Peugeot e-Boxer: caratteristiche, autonomia e ricarica

La lineup “professionale” prodotta nelle linee di montaggio Sevel si arricchisce con la configurazione “zero emission” del fortunato Boxer. Tutti i dettagli.

Fra le soluzioni e modalità di utilizzo che incidono sulla nuova mobilità elettrificata, un ruolo di primo piano è appannaggio dei veicoli commerciali leggeri. Ciò in quanto lo spettro di azione dei furgoni si snoda in larga parte in un ambito urbano, metropolitano o inter-city. Dunque, dove più sentite sono le politiche di attenzione nei confronti dell’alimentazione a basse (o del tutto assenti) emissioni di CO2 allo scarico; e laddove, all’atto pratico, la percorrenza quotidiana, e l’ottimizzazione delle spese di gestione, giustificano l’utilizzo di automezzi 100% elettrici. Questi ultimi sono ancor di più “premiati” dalla possibilità di circolare nei centri urbani, a tutto vantaggio della versatilità di utilizzo nel piccolo e medio trasporto.

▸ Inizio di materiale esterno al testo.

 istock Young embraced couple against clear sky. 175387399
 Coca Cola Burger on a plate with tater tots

Fra i “big player” di settore più attivi nello sviluppo di veicoli commerciali dall’anima eco friendly, c’è Peugeot: il colosso francese capogruppo Psa e “promesso sposo” di Fca (nonché da più di quarant’anni alleato di Fiat-Chrysler, e ancor prima del Gruppo Fiat, nella produzione di furgoni in virtù della joint venture Sevel), forte di un 2019 da record per livelli di vendita nel comparto con quasi 274.000 unità consegnate, è al centro di un ampio programma di sviluppo della propria gamma van, multivan e furgoni all’insegna dell’elettrificazione. Un’”offensiva” che, dati alla mano, concretizza tanto l’importanza del segmento dei furgoni in Europa (circa 550.000 gli esemplari che ogni anno vengono in media venduti nel Vecchio Continente), quanto la presenza di Peugeot che conosce un trend in continua crescita.

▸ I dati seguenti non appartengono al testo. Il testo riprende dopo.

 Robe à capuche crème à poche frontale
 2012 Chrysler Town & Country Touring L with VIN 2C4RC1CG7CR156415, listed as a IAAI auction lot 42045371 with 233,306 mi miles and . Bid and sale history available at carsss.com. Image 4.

L’ultimo esempio (in ordine di tempo) arriva con Peugeot e-Boxer, cioè la declinazione 100% elettrica (anticipata nella primavera del 2019 al Birmingham Commercial Vehicle) del fortunatissimo Boxer – venduto in oltre 1,25 milioni di unità dall’esordio che avvenne nel 1994 (ha da poco raggiunto e superato il quarto di secolo di produzione, dunque), e prodotto in oltre 400.000 unità nell’attuale nuova generazione che esordì nel 2014 –, recentemente aggiornata agli standard di omologazione Euro 6d e che dal punto di vista dell’evoluzione “zero emission” va ad affiancarsi all’altrettanto nuovo Peugeot e-Expert.

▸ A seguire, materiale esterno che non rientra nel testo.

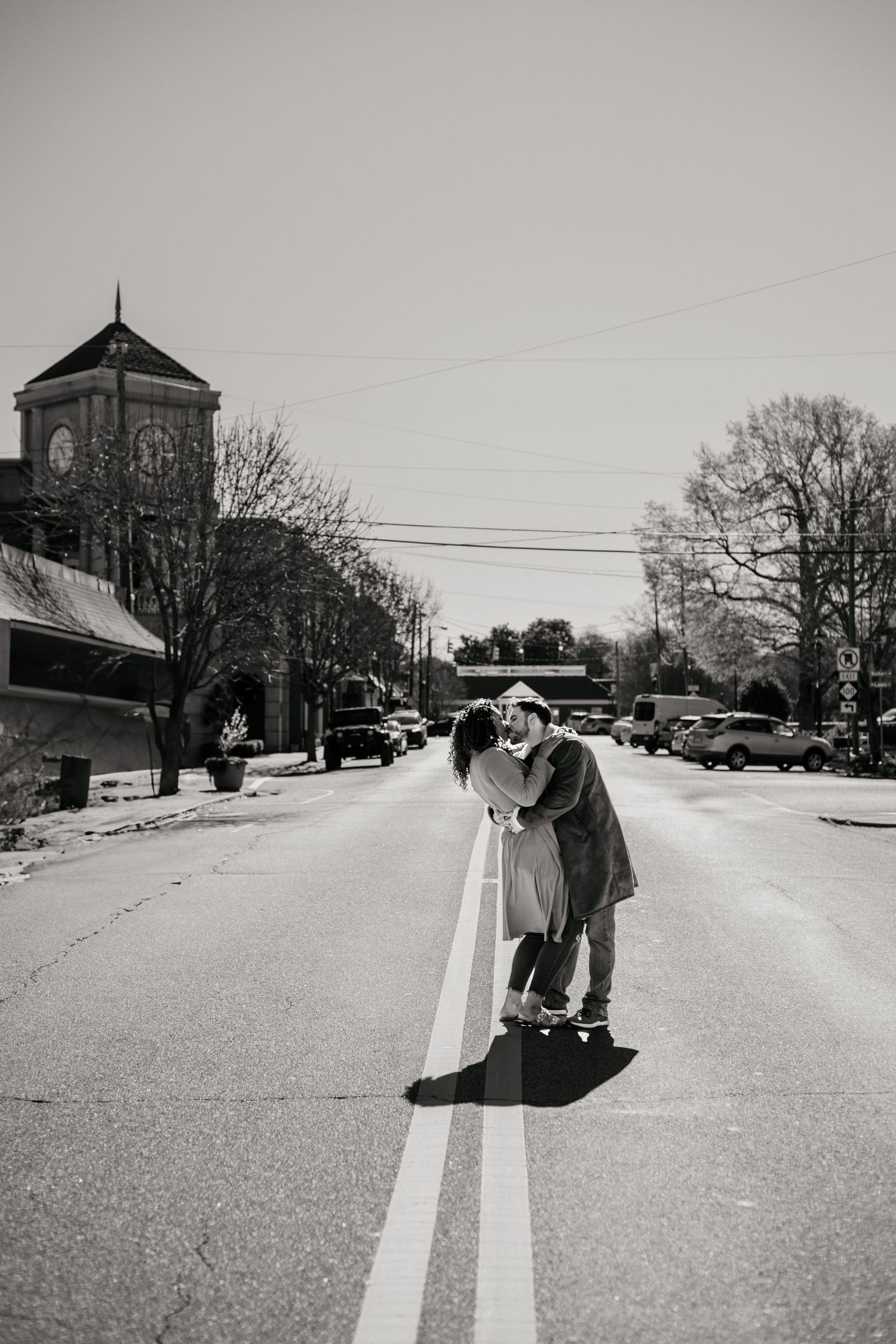 A romantic black and white photo on a small town street with a clock tower in the background.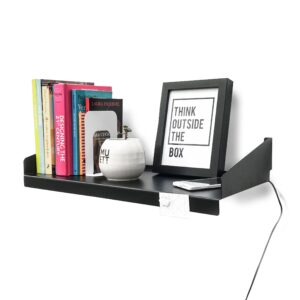 Estante FIT Muett negro con objetos decorativos, cuadro, con libros y celular con pasacables cargador en ambiente moderno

Sarà su strada nel primo trimestre 2021

Già comunicata la timeline di introduzione sul mercato: la nuova lineup Peugeot e-Boxer, prodotta nel complesso Sevel di Val di Sangro e quindi elettrificata ed approvata dal partner Bedeo, verrà commercializzata in Italia nei primi tre mesi del 2021. Il suo ingresso “su strada” è quindi prossimo: più avanti verranno dettagliati i prezzi di vendita.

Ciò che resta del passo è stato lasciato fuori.